═══ DATA SECTION ═══

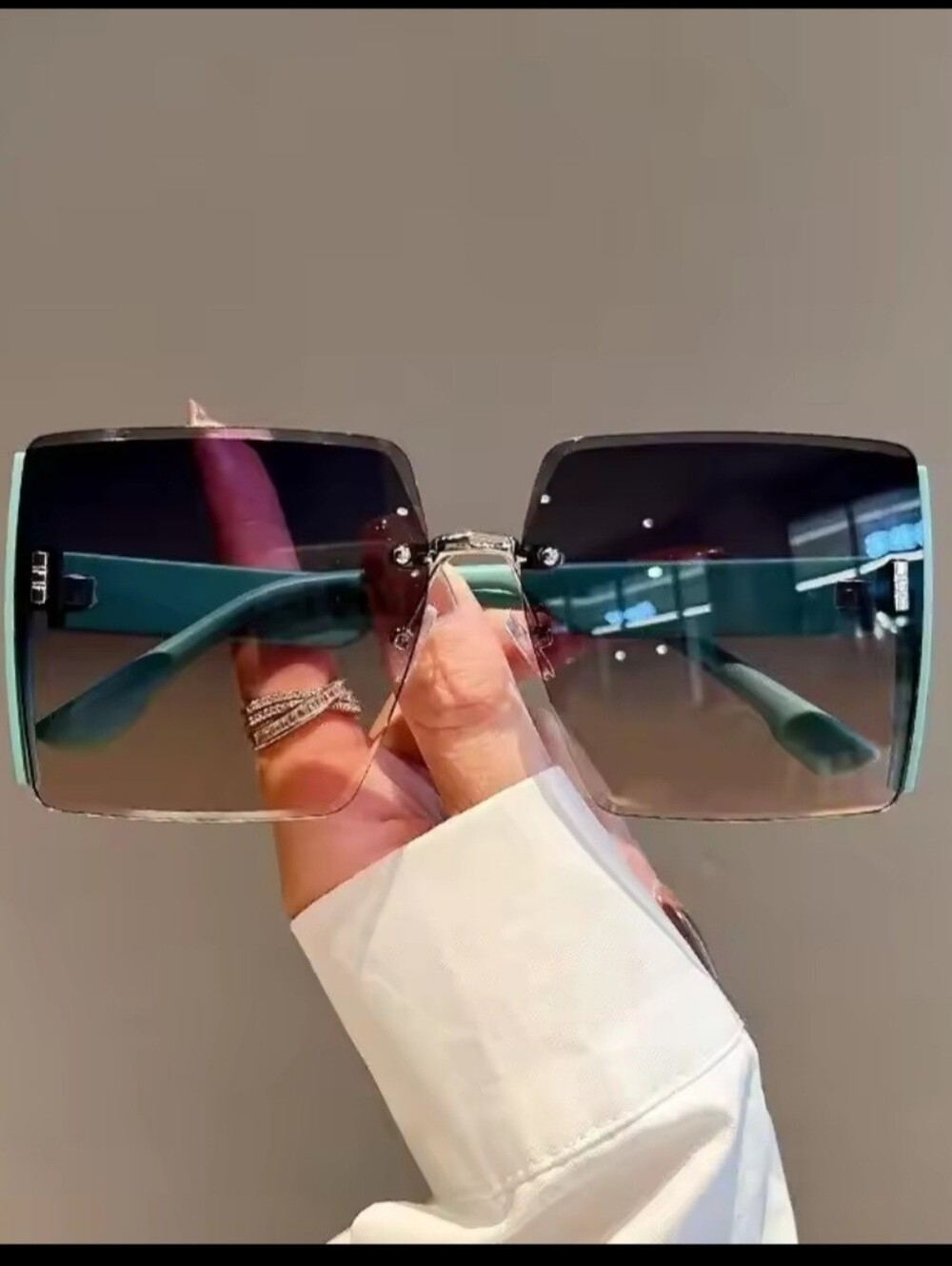 Elegant Oversized Square Sunglasses in Teal Gradient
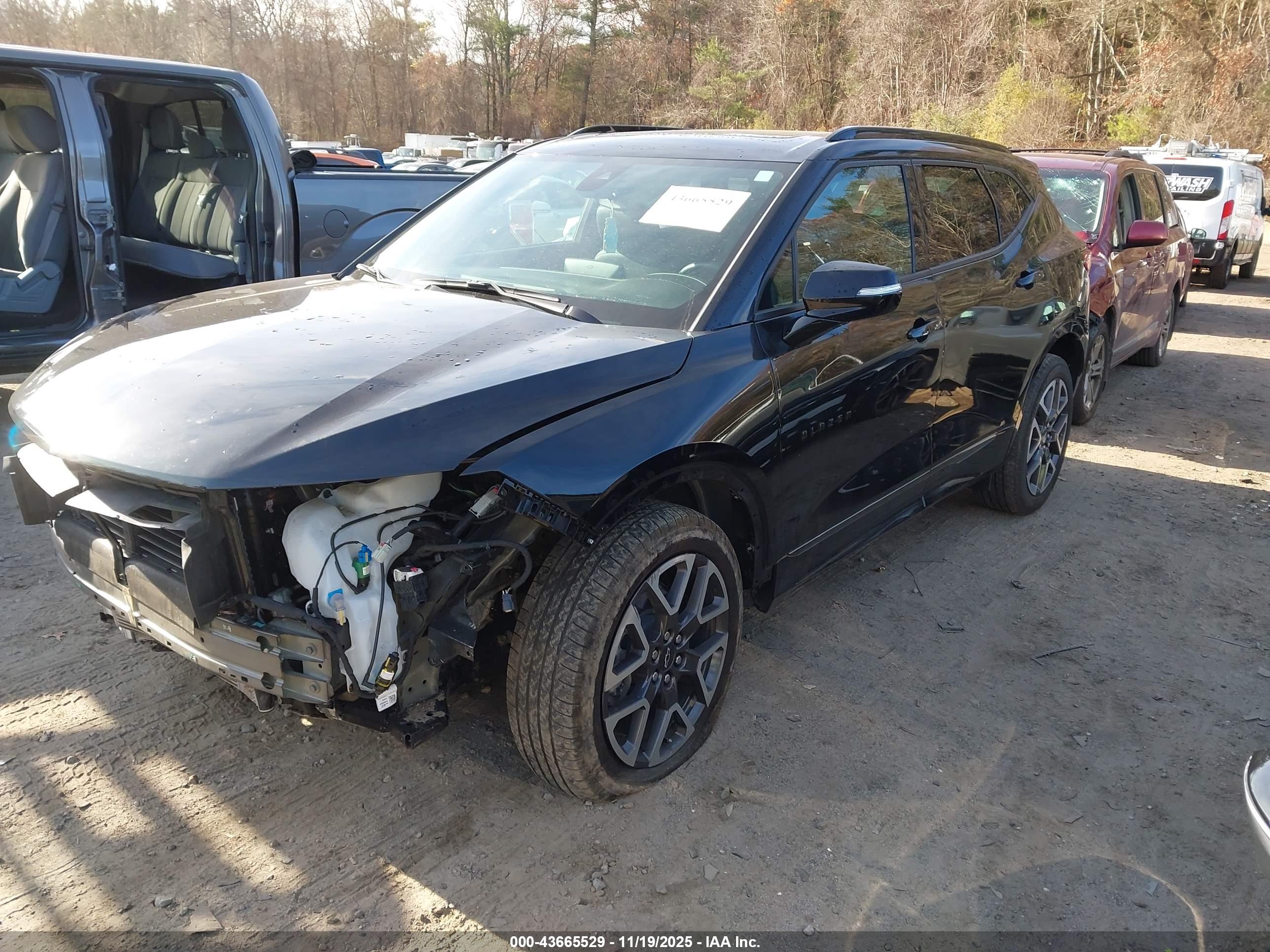 CHEVROLET BLAZER image 2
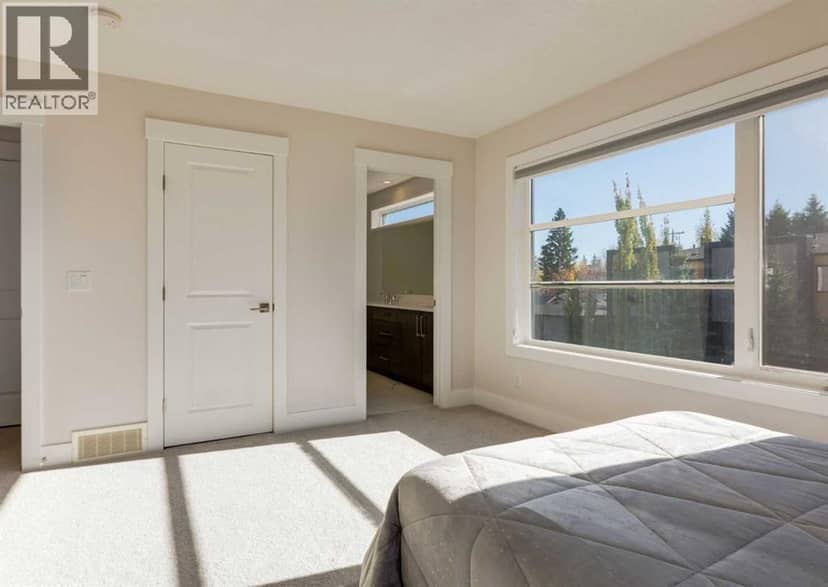 2790 19 Avenue SW — photo 20 of 40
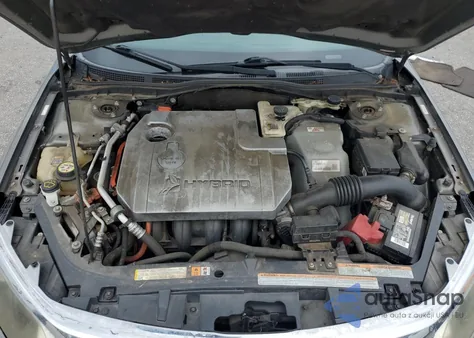 2010 Ford Fusion Hybrid z USA, uszkodzony, nr VIN 3FADP0L34AR129594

═══

*WHAT THE TASK ASKS*: Copy only the lines running from the one that holds "2790 19 Avenue SW — photo 20 of 40" through the last line of the data, and include both of those lines. Do not copy any pictures.

*EXERCISE RESPONSE*:
 2790 19 Avenue SW — photo 20 of 40
 2010 Ford Fusion Hybrid z USA, uszkodzony, nr VIN 3FADP0L34AR129594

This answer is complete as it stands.